Some European Union regulators objected to Ireland’s preliminary ruling in a landmark privacy investigation of Twitter, the lead regulator said on Thursday, triggering a process where a majority decision will be sought.
Twitter had looked set to become the first big technology company to face a fine by Ireland’s Data Protection Commission (DPC) under tougher EU data protection rules after it submitted the decision to other member states in May.
Under the EU’s General Data Protection Regulation’s (GDPR) ‘One Stop Shop’ regime introduced in 2018, regulators can impose fines for violations of up to 4 percent of a company’s global revenue or 20 million euros (roughly Rs. 165 crores), whichever is higher.

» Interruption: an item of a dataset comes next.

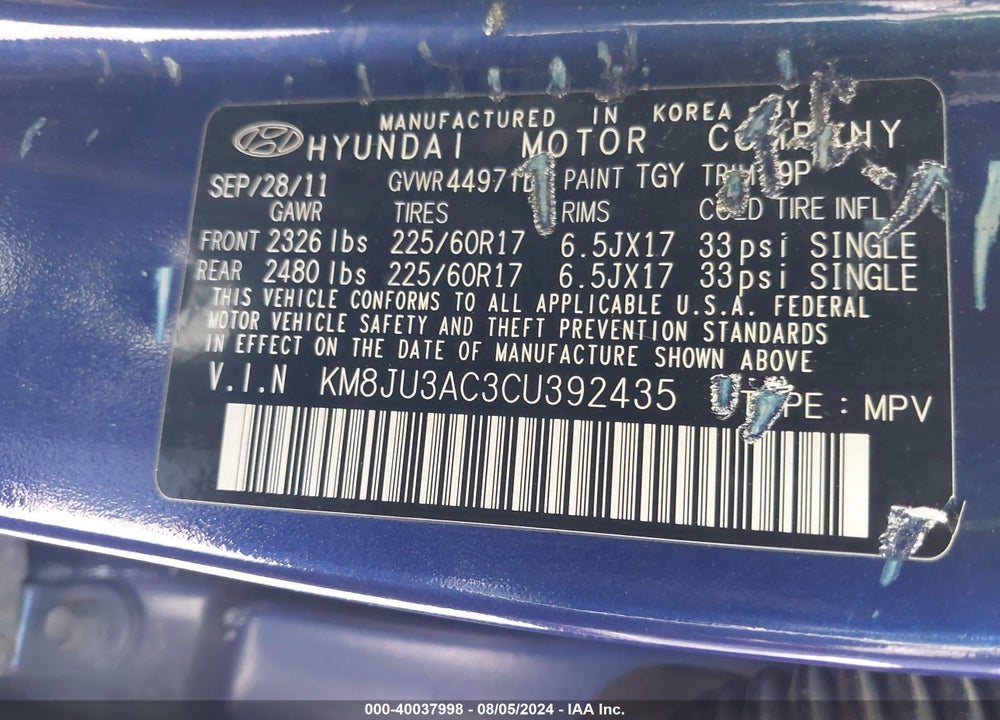 2012 HYUNDAI TUCSON GLS VIN: KM8JU3AC3CU392435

But it must share its preliminary decision with all concerned EU supervisory authorities (CSAs) and consider their views in its final verdict.
“A number of objections were raised by CSAs and the DPC engaged in a consultation process with them,” Graham Doyle, Deputy Commissioner at the Irish DPC, said in a statement.
As a number of objections were maintained, the DPC has now referred the matter to the European Data Protection Board (EDPB), he added.
The EDPB now has one month to reach a two-thirds majority among member states and if that fails, a further month to seek an absolute majority. If it still can’t find agreement, the chair of the board will cast the deciding vote.
The Twitter ruling relates to a bug in its Android app where some users’ protected tweets were made public, and whether it notified the regulator in a timely manner. The DPC had 20 other probes open into big technology firms at the end of 2019.